Thursday, February 25, 2010

Part 2 - State of the Real Estate Market in Boulder - Words for Home Sellers in Boulder County

This is Part II of a 3-part series. Stay tuned for Part II!

Part 2 - Mortgages, Prices and Interest Rates

While there is hope that the government's Making Home Affordable Program for loan modifications will help, the current numbers indicate that of the 3 million people that requested help in 2009 only 31,000 received permanent modifications. In short, at this time the program is doing little to stabilize home ownership.

While we don't want our clients and friends to panic and overreact, we do want to make sure that all of our Colorado Landmark listings are priced correctly for today's market. If you want or need to sell your home, waiting out the market is NOT the right strategy. Ken Hotard, senior vice president of the Boulder Area Realtor Association, thinks that the worst is likely over, but home sellers cannot expect a quick recovery. "Jobs are still a problem," he said. "Until we see job growth there will be no significant recover in the housing market." Phyllis Resnick, lead economist for the Center for Colorado's Economic Future, projects that unemployment in Boulder-Broomfield will hit 7.1% this year and "It's going to take us close to five years to recover," to pre-decline levels. Boulder Valley's high-end real estate market (homes priced over $1.0M) will continue to lag behind in 2010.
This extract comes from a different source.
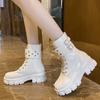 Thick-soled British style student short boots women's 2021 summer new versatile Internet celebrity spring and autumn single boots black Martin boots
On January 8, 2010 the Wall Street Journal reported on the Fed's plan to stop buying mortgages by the end of March 2010. The article quoted Ronald Temple, portfolio manager at Lazard Asset Management, who sees mortgage rates rising by a percentage point when the Fed stops buying. A withdrawal of government support, combined with high unemployment and rising mortgage foreclosures, could push home prices down 20% he said. What does that mean for you as a homeowner? If you are waiting for the market to improve, don't hold your breath, unless you can hold it for about 4 years! Price your home to sell now, before home prices slide any further.

All this being said, real estate continues to be one of the best long term investments out performing the Dow, S & P, and the Nasdaq over the past 10 years. We are encouraging our clients to buy now before interest rates spike up, and do so quickly.
Stay tuned for Part III!

Friday, February 19, 2010

Part 1 - State of the Boulder Real Estate Market - Essential Words for Home Sellers in Boulder

This is Part I of a 3-part article. Stay tuned for the sequels!


Colorado Landmark, Realtors is proud to approach 33 years in business in Boulder and Broomfield Counties, and we are filled with gratitude for the wonderful clients we have been fortunate to work with throughout the years. While our nation and our community faces many challenges, those of us who are fortunate to live in this area have many blessings to be thankful for.

We hope market conditions will improve over the coming months. Regardless of what happens we must make thoughtful decisions based on the way things are and what can be best projected for the future. If you are selling a home, Colorado Landmark's primary focus is to see that your property is sold in the next 120 days for the highest and best price. Locally in 2009 over 68% of properties in our area sold with a market time of 120 days or less. If your property has been on the market for more than 120 days you need to seriously visit the market activity and reconcile that with your pricing strategy. To wait and "test the market" almost always guarantees a lower sales price, longer time on the market, and fewer dollars in your pocket when you walk away from the closing table.
Inventory in Boulder and Broomfield Counties declined over the last 24 months by 11-20% depending on the area, yet we still have 6-7 months worth of active properties on the market as of today, and that is if NO new listings are added. According to historic trends, a market with 5-6 months of supply is considered a "normal" market where prices hold steady, while markets with 7-8 months of supply experience single digit depreciation. As of today Boulder and Broomfield Counties have 6.7 months of inventory on the market, meaning that our markets will be luck to show any small amount of appreciation this year. Prices will likely stay flat.

The bigger issue looming is the mountain of foreclosed properties that banks have held (7 million units across the US) that will be released to the market starting in the first half of 2010 that will put even more downward pressure on home prices. There is clear evidence of a contagion discount effect on neighborhood pricing trends due to the impact of nearby foreclosures. In Boulder and Broomfield Counties there are many bank-owned properties which have not hit the market yet.

George Feiger, chief executive officer of Contango Capital Advisors, expects housing prices in our area to continue to fall as more foreclosed homes come on the market. Foreclosures also should rise, he said, not only because of unemployment, but from strategic defaults - people walking away from mortgages that are deeply underwater.